Each customer is represented by one row, where the data about the customer’s id is in the first column. The following twelve columns contain values of the customer’s bills for the period January 2016 – December 2016. The last column is named ‘type’ and contains the data about which product out of five possible products the customer has. We can check that CEnetBig has 1 million rows and 14 columns by typing R script:

dim(CEnetBig$val)  We will perform a very simple task using map-reduce. We will count how many customers have a particular product. Actually, we can do it directly without map reduce by a simple call of R script table: T = table(CEnetBig$val[,"type"]);T


However, to perform this task using map-reduce we need to apply the script table on every data block that is passed to the map function. The map function, therefore, counts the customers in given data block that have a particular product and returns these frequencies as a key-value pair, where the key is always 1 and the value is the list with the only element being the table of frequencies:

mapperTable = function (., X) {
T=table(X[,"type"])
keyval(1,list(T))
}


The reducer simply groups all the returned key-value pairs and performs a matrix sum over all the values, i.e., over all the frequency tables:

reducerTable = function(k, A) {
keyval(k,list(Reduce('+', A)))
}


The final map-reduce code for computing the distribution of customers in terms of the type of product is simple:

BigTable<-from.dfs(
mapreduce(
input = "/CEnetBig",
map = mapperTable,
reduce = reducerTable
)
)


The resulting BigTable is a key value pair with only one key, which is 1, and with the value, which is the desired frequency distribution of products among all customers in our database:

BigTable\$val
[[1]]

1      2      3      4      5
199857 250569  99595 299849 150130


## Alternative code

The code in the following example essentially does the same as the code before, i.e., with keys 1:5 returns the total number of data items with the corresponding type=key in /CEnetBig.

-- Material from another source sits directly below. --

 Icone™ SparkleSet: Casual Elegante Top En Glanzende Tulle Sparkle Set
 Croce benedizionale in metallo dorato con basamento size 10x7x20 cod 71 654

mapperTable = function (., X) {
T=as.list(table(X[,"type"]))
key=as.numeric(names(T))
keyval(key,T)
}

reducerTable = function(k, A) {
S=Reduce('+', A)
keyval(k,list(S))
}

BigTable1<-from.dfs(
mapreduce(
input = "/CEnetBig",
map = mapperTable,
reduce = reducerTable
)
)


This example should clarify that the function Reduce actually applies the operator (i.e., '+') to the set of all pairs (key, val) having the same key and gives the pair (key, result of reduce). The function keyval subsequently returns pairs of key and value. The final result is again a key-value pair where:

• key contains all keys returned by reducer and
• value contains the corresponding value returned by reducer.